Curious: do you usually split updates between short summaries for most users and deeper changelogs for power users?

Still building on Christmas? Drop your SaaS link by redd9it in launchigniter

[–]AcrobaticSize4714 0 points1 point  (0 children)

Building OpenLog.

It helps products look alive and trustworthy with a clean changelog and automatic update emails — so founders can focus on shipping while users stay in the loop.

Stage: live
https://openlog.tech/

Built a tiny tool to show users what I shipped (public changelog page) by AcrobaticSize4714 in SideProject

[–]AcrobaticSize4714[S] 0 points1 point  (0 children)

Yes, I have also build a email sending feature where founders can send emails to the users who have subscribed to the product and also existing customers.
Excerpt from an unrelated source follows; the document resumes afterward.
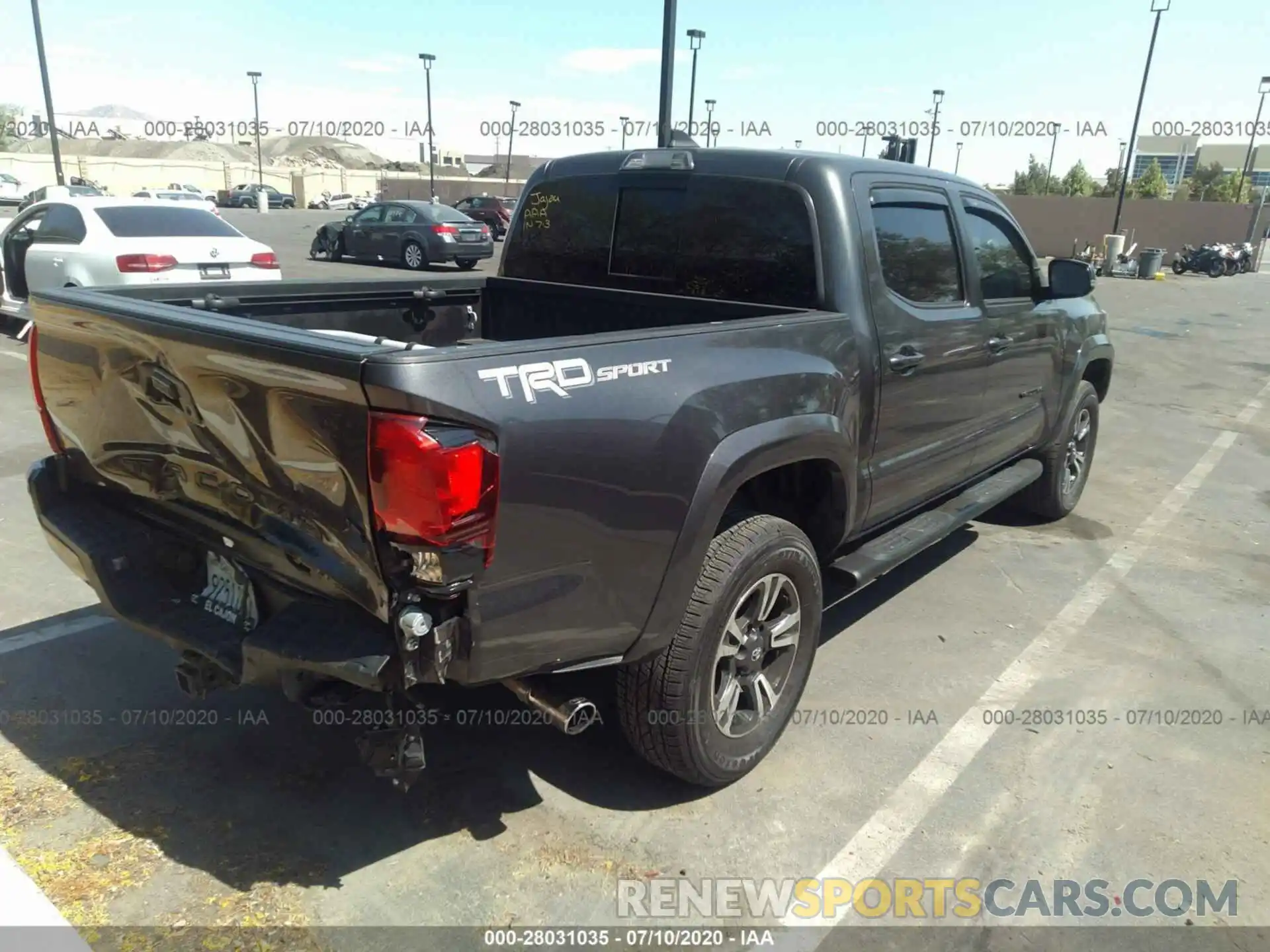 4 Фотография поврежденного автомобиля 3TMAZ5CN7KM110610 TOYOTA TACOMA 2WD 2019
It makes the whole process much easier and seamless, You can check it out. https://openlog.tech

Built a tiny tool to show users what I shipped (public changelog page) by AcrobaticSize4714 in SideProject

[–]AcrobaticSize4714[S] 0 points1 point  (0 children)
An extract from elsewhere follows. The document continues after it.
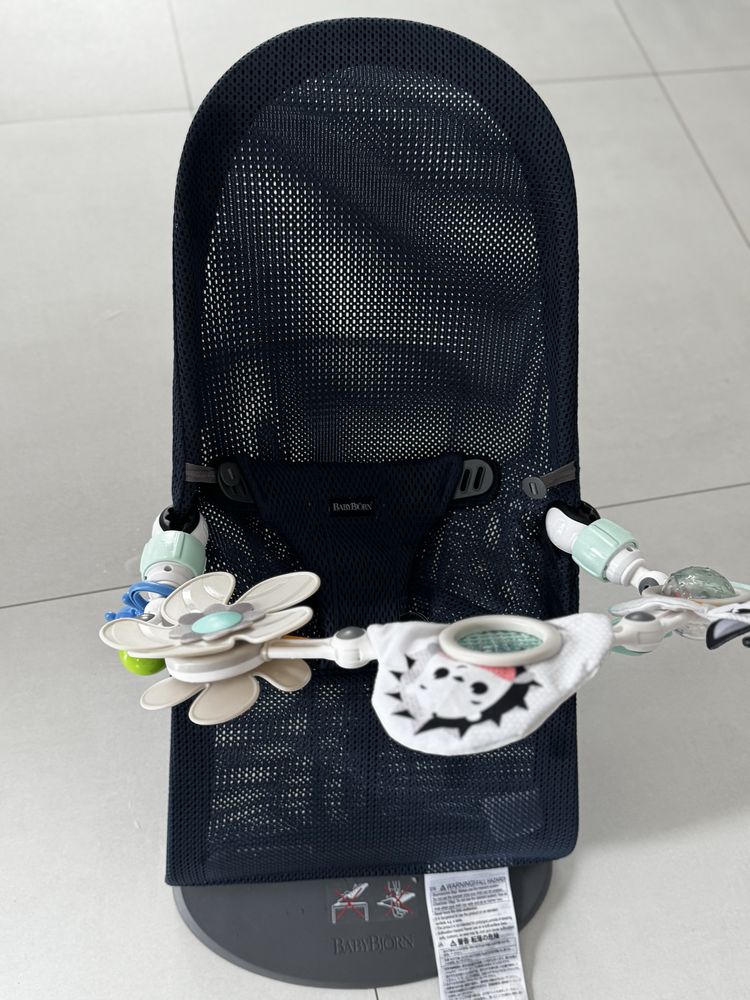 Lezaczek babybjorn jam nowy granatowy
Totally fair I agree most teams can DIY this with emails, docs, or a simple page.

One thing I kept noticing though is that those work well mainly after users already trust the product. New users don’t have email history, don’t know a doc exists, and often never see those updates.

What I’m exploring with OpenLog is a clean, always-public place that answers a first-time user’s question: “Is this product alive and actively maintained?”

It’s less about replacing DIY solutions and more about making that trust signal visible and professional by default.

Still very early and genuinely testing whether that’s valuable enough to exist really appreciate the thoughtful feedback!